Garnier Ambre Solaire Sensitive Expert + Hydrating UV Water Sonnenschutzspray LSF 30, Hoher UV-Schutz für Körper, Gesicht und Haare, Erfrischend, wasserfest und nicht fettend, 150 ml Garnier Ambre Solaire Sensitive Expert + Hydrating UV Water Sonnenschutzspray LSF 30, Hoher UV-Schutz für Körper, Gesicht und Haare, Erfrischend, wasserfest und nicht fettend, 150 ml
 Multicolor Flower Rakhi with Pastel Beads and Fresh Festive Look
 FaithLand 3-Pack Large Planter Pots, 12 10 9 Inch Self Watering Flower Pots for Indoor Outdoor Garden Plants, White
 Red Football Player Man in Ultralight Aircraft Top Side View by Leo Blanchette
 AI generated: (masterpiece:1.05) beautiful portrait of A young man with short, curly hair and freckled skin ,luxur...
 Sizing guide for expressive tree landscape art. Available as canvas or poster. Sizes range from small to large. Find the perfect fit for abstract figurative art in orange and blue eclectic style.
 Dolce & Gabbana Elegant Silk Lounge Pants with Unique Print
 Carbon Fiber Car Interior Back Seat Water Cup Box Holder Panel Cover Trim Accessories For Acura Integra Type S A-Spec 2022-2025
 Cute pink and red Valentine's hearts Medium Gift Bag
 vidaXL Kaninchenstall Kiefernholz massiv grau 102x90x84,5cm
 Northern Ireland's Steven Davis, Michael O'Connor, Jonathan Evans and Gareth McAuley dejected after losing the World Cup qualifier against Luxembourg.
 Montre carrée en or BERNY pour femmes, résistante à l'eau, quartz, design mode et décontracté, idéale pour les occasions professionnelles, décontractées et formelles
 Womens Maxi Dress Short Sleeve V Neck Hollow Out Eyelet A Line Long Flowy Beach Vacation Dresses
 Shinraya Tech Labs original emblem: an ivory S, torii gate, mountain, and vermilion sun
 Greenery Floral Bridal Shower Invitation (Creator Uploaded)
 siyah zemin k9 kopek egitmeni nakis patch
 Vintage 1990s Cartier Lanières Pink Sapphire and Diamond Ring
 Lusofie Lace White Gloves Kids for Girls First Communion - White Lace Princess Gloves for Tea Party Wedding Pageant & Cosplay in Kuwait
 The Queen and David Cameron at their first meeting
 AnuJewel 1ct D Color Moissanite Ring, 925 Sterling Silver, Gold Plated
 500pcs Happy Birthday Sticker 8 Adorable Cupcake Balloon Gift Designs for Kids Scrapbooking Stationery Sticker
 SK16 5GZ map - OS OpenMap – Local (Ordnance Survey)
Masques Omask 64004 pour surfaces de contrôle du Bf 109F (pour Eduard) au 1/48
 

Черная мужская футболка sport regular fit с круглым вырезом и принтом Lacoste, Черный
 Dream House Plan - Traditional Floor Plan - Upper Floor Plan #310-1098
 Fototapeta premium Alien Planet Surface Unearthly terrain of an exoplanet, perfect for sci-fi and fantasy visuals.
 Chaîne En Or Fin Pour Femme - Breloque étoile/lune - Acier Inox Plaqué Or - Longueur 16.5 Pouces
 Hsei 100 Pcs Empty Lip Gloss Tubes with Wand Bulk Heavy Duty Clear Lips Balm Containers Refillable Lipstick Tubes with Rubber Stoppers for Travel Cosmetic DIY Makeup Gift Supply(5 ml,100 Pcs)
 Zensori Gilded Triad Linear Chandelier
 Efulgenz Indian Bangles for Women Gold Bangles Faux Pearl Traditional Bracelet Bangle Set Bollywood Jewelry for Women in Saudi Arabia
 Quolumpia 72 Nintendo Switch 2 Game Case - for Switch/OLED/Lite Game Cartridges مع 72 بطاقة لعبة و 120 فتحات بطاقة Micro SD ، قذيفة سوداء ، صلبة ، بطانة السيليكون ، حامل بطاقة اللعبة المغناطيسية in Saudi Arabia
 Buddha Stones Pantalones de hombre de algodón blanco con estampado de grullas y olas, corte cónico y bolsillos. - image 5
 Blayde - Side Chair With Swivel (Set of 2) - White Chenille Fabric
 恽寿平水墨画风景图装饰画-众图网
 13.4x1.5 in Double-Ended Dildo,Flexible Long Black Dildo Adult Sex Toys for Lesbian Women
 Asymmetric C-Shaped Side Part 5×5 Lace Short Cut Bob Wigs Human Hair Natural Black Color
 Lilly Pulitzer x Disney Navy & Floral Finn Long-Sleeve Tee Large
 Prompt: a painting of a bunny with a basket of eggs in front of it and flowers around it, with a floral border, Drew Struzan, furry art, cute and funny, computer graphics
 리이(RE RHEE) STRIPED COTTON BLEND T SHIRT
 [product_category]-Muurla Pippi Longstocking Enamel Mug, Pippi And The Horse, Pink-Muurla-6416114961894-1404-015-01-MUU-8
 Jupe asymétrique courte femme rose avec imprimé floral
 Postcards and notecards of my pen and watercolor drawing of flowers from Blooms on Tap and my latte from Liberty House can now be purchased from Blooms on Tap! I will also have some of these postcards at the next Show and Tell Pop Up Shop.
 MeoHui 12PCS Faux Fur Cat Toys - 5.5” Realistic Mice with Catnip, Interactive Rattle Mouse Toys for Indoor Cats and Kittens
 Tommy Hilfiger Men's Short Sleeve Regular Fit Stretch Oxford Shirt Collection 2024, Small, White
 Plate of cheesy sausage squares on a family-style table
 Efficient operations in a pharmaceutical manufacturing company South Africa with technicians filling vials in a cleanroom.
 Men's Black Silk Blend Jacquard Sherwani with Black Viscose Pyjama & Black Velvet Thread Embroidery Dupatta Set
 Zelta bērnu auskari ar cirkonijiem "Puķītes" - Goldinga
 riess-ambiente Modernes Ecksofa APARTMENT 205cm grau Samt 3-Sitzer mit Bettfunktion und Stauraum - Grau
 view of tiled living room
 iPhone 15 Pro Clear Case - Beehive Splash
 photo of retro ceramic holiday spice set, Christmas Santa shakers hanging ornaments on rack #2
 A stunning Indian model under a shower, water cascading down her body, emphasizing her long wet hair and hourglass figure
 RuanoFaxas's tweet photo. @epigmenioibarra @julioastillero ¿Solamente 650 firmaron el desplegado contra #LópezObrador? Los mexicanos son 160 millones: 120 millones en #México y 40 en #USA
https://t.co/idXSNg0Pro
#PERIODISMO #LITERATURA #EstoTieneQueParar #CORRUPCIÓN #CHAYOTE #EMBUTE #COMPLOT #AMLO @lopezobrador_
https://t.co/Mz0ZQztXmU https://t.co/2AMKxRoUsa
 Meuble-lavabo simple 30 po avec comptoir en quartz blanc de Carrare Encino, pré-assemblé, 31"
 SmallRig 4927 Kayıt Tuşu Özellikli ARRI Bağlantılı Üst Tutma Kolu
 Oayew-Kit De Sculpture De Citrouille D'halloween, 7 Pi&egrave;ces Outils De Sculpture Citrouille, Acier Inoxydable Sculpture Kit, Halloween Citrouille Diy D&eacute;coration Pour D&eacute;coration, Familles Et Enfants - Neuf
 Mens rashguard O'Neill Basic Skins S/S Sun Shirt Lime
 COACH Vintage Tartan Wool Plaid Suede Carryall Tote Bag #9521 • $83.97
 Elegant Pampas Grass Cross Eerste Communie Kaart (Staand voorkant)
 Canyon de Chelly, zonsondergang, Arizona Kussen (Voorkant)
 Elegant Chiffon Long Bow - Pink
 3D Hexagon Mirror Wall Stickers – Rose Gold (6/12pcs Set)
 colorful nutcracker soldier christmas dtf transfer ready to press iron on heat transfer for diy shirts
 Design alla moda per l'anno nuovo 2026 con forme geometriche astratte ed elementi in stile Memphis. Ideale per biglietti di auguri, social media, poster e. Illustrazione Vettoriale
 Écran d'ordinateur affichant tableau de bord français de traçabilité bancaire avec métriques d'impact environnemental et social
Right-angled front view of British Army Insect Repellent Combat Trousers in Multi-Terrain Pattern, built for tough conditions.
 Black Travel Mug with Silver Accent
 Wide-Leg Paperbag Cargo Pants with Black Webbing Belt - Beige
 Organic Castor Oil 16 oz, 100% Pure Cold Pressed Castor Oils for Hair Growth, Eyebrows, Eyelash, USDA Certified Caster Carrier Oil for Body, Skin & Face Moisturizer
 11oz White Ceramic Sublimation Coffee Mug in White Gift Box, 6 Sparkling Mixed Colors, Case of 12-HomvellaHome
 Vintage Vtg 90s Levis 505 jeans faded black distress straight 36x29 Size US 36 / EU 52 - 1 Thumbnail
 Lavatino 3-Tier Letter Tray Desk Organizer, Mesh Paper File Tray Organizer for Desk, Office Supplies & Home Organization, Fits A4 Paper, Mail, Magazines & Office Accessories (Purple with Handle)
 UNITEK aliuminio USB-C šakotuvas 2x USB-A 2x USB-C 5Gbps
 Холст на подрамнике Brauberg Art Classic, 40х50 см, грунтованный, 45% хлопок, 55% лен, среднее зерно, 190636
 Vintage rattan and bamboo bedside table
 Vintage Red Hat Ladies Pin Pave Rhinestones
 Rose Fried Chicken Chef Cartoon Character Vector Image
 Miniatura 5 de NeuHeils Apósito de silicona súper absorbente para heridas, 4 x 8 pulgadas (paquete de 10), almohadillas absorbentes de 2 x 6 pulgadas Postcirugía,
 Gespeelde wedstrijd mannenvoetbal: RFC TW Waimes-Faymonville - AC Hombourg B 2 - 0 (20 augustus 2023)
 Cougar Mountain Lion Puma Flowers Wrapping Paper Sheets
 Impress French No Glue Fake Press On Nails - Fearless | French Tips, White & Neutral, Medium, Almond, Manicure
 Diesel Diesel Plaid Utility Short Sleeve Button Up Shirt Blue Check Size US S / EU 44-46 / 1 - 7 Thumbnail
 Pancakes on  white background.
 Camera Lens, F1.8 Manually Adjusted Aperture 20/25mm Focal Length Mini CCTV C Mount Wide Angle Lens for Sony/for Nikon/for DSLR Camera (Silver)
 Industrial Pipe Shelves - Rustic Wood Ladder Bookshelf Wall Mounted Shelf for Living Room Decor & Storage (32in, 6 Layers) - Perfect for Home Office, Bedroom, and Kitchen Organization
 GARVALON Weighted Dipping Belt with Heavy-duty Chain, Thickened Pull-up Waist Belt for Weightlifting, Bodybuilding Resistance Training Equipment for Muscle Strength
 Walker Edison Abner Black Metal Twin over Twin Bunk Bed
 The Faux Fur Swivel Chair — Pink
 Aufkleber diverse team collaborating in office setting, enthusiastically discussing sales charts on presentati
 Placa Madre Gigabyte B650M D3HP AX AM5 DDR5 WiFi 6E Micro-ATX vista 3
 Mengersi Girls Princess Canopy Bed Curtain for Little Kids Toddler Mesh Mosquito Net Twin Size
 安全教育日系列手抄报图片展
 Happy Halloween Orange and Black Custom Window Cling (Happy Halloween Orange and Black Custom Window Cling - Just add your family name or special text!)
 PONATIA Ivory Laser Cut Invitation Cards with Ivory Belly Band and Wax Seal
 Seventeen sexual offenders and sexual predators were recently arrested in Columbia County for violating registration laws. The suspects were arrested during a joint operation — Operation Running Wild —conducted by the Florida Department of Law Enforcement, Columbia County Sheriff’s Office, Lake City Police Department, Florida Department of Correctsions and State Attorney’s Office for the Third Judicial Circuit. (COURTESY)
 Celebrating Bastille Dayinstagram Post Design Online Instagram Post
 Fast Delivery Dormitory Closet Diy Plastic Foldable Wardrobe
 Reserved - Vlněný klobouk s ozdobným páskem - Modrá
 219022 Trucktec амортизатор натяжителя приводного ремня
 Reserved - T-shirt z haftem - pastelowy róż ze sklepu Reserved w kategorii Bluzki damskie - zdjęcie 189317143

....

:: ACTIVITY ::
Reproduce the lines above, beginning at the line with "Plate of cheesy" and stopping after the line with "riess-ambiente Modernes Ecksofa", exactly as they are.

:: TASK RESULT ::
 Plate of cheesy sausage squares on a family-style table
 Efficient operations in a pharmaceutical manufacturing company South Africa with technicians filling vials in a cleanroom.
 Men's Black Silk Blend Jacquard Sherwani with Black Viscose Pyjama & Black Velvet Thread Embroidery Dupatta Set
 Zelta bērnu auskari ar cirkonijiem "Puķītes" - Goldinga
 riess-ambiente Modernes Ecksofa APARTMENT 205cm grau Samt 3-Sitzer mit Bettfunktion und Stauraum - Grau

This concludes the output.